→ **Dataset records**

======

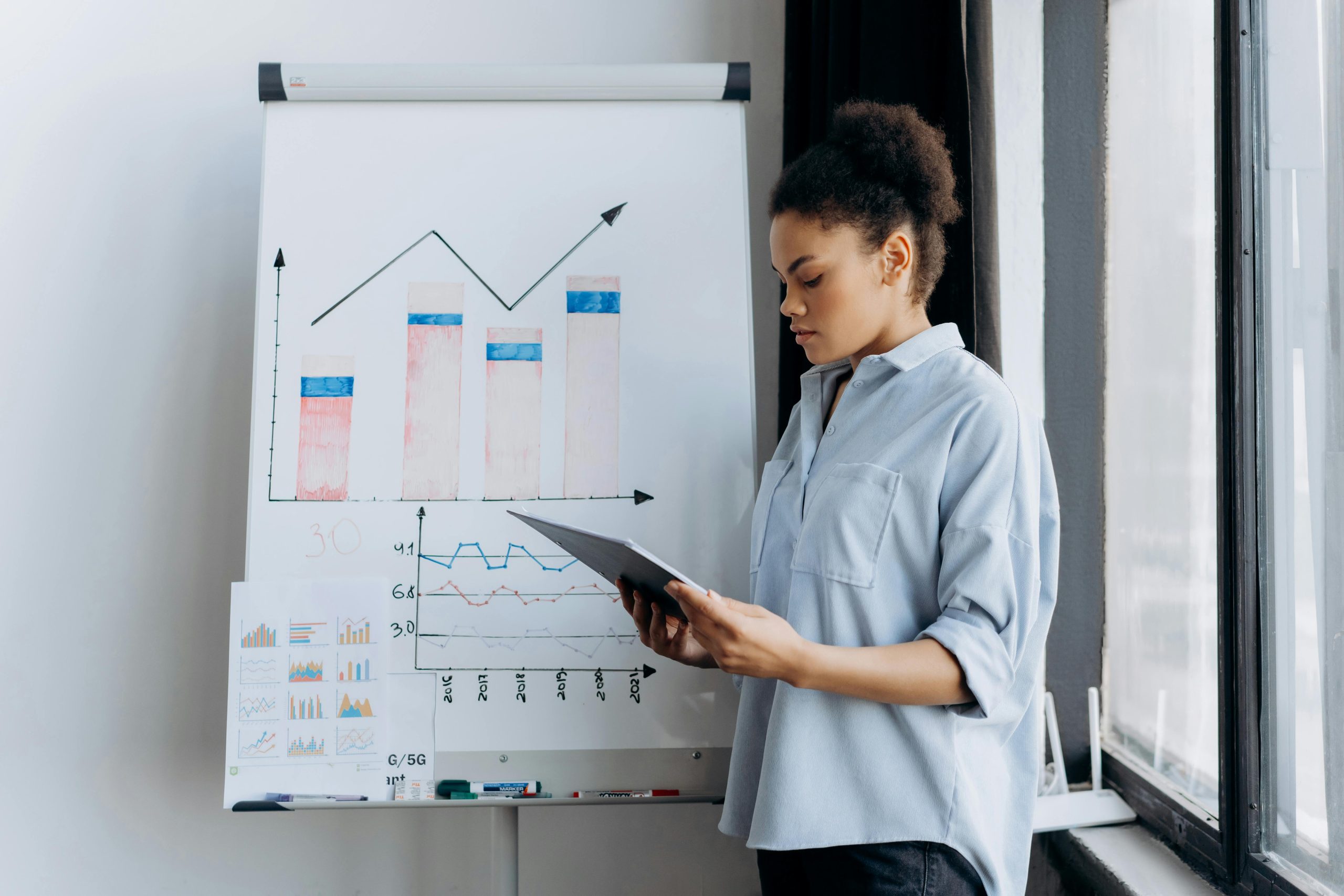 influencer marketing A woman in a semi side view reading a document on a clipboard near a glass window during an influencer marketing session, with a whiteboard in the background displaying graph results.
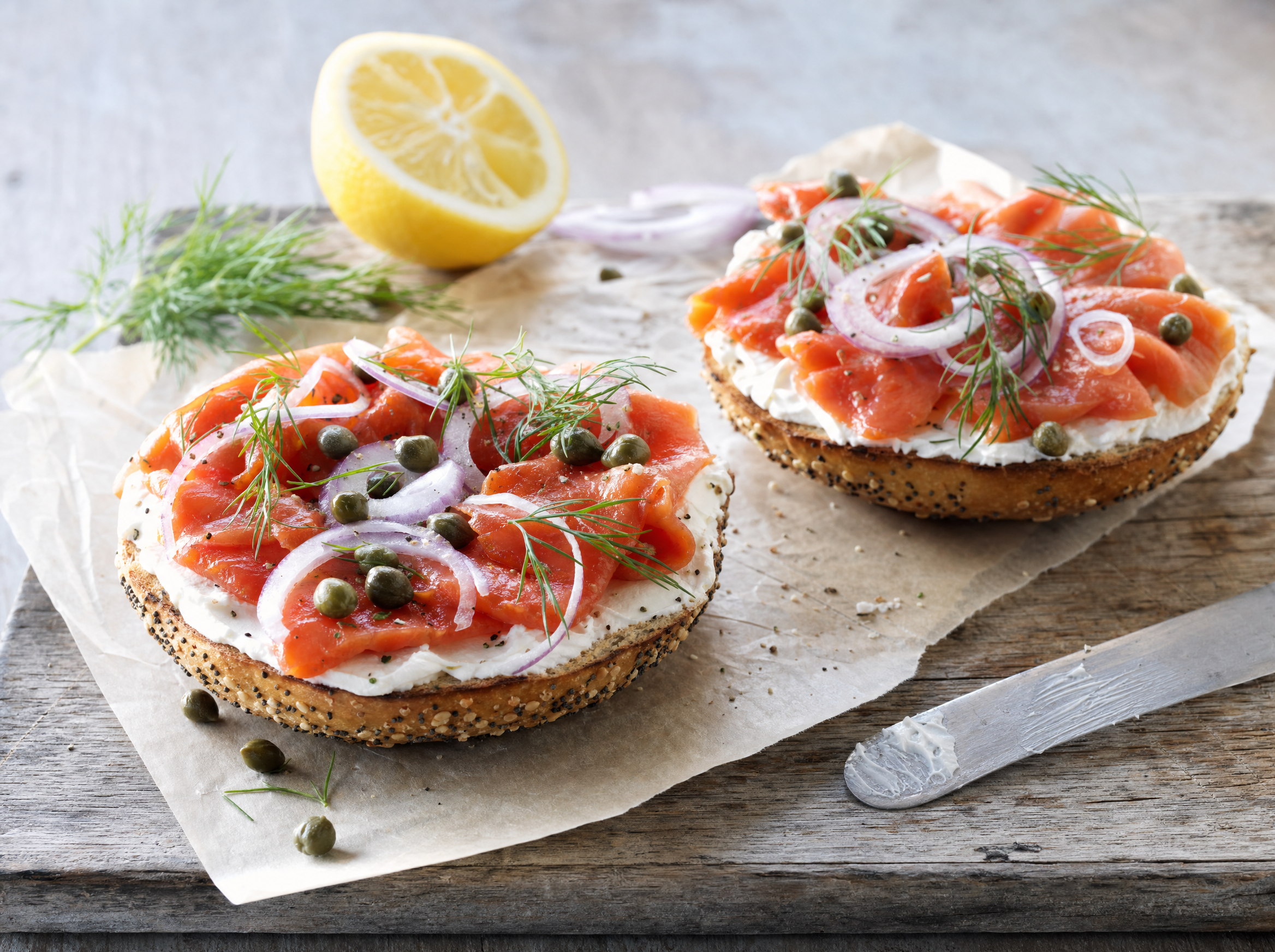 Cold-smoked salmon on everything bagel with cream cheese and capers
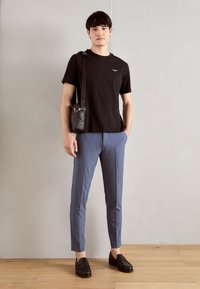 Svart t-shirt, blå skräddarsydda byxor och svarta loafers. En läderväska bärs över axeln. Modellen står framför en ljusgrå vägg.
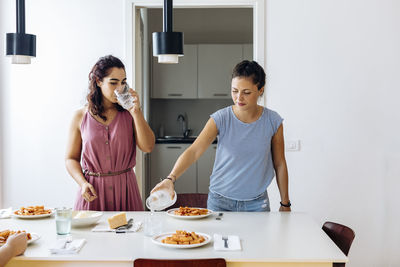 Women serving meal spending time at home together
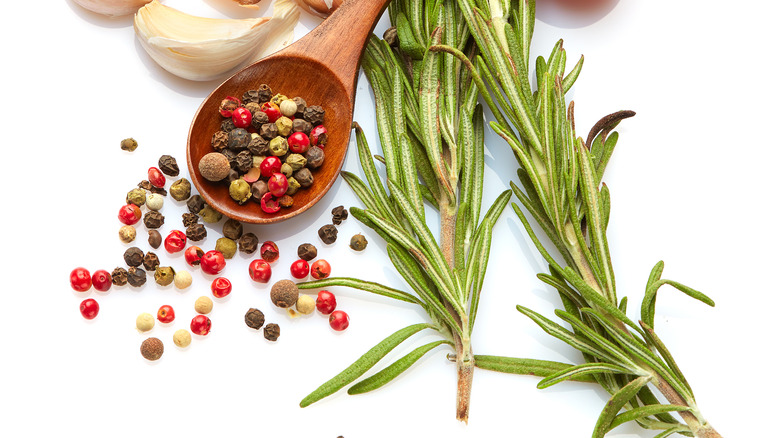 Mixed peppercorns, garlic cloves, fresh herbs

======

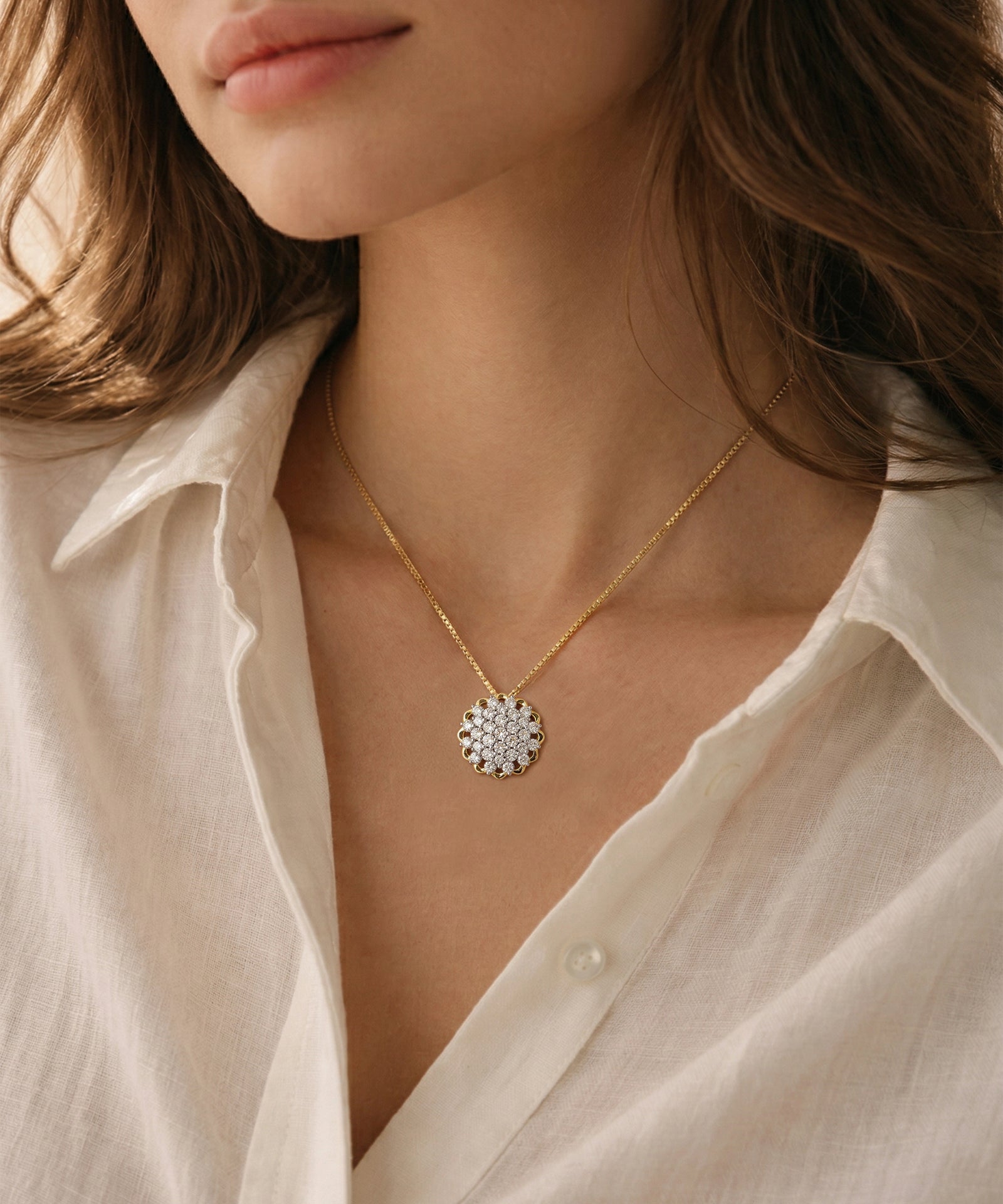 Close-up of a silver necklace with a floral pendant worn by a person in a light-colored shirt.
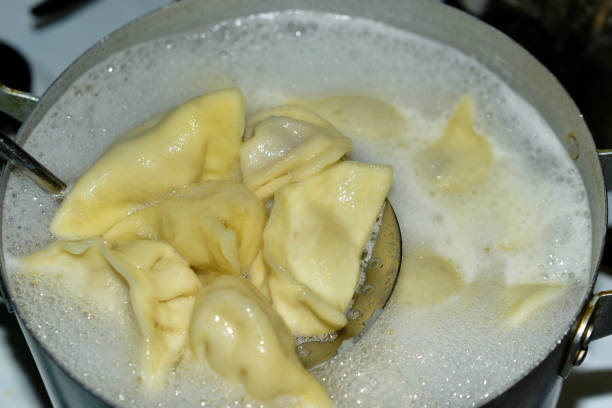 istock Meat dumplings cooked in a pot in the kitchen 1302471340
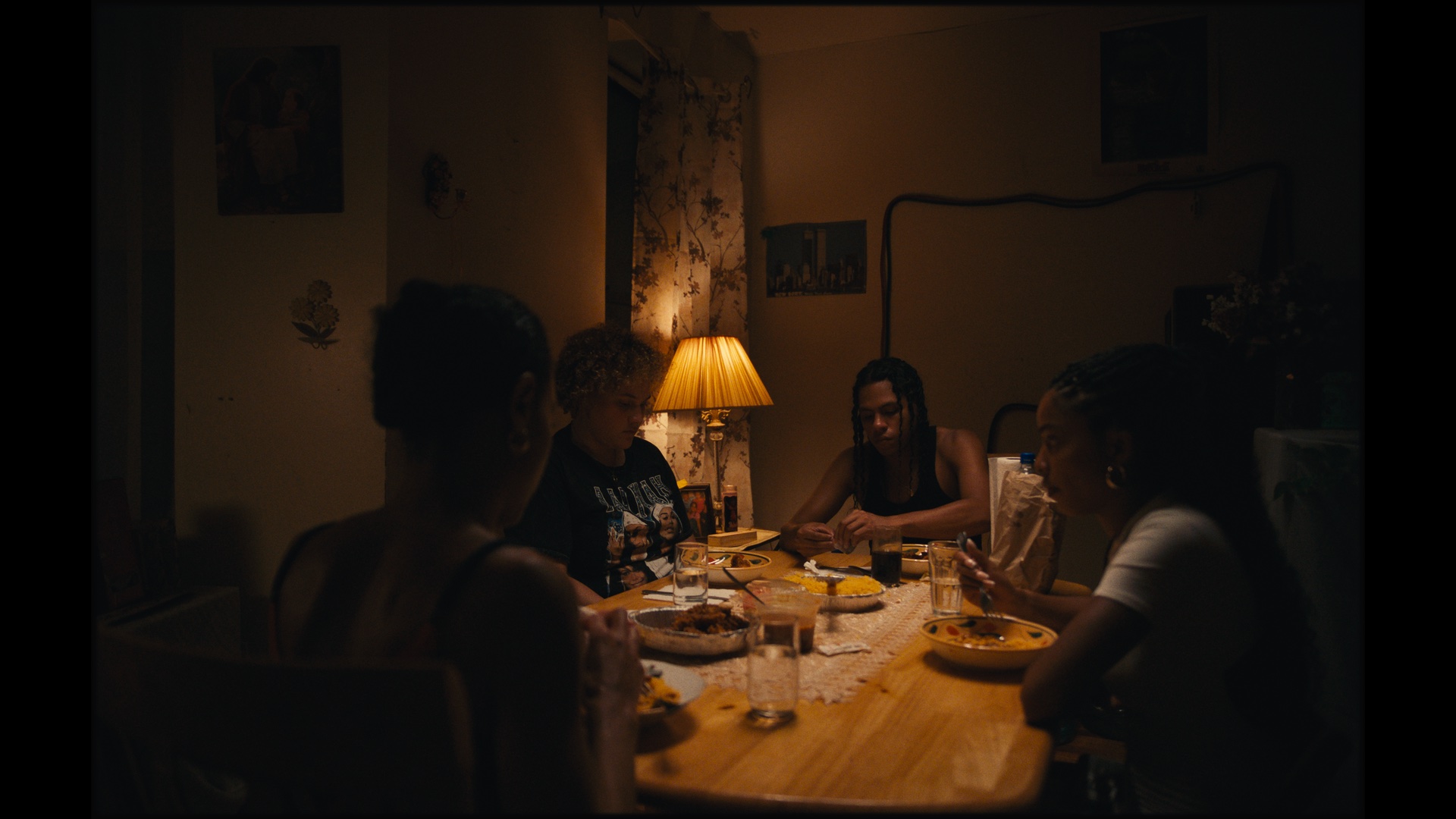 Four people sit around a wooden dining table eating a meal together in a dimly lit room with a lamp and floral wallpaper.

======

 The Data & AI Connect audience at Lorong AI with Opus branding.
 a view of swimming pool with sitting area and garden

======

→ **What is expected**
In the data above, find the line with "The Data & AI" and the line with "a view of swimming". Retype both, plus every line between them, exactly.

→ **Problem solution**
 The Data & AI Connect audience at Lorong AI with Opus branding.
 a view of swimming pool with sitting area and garden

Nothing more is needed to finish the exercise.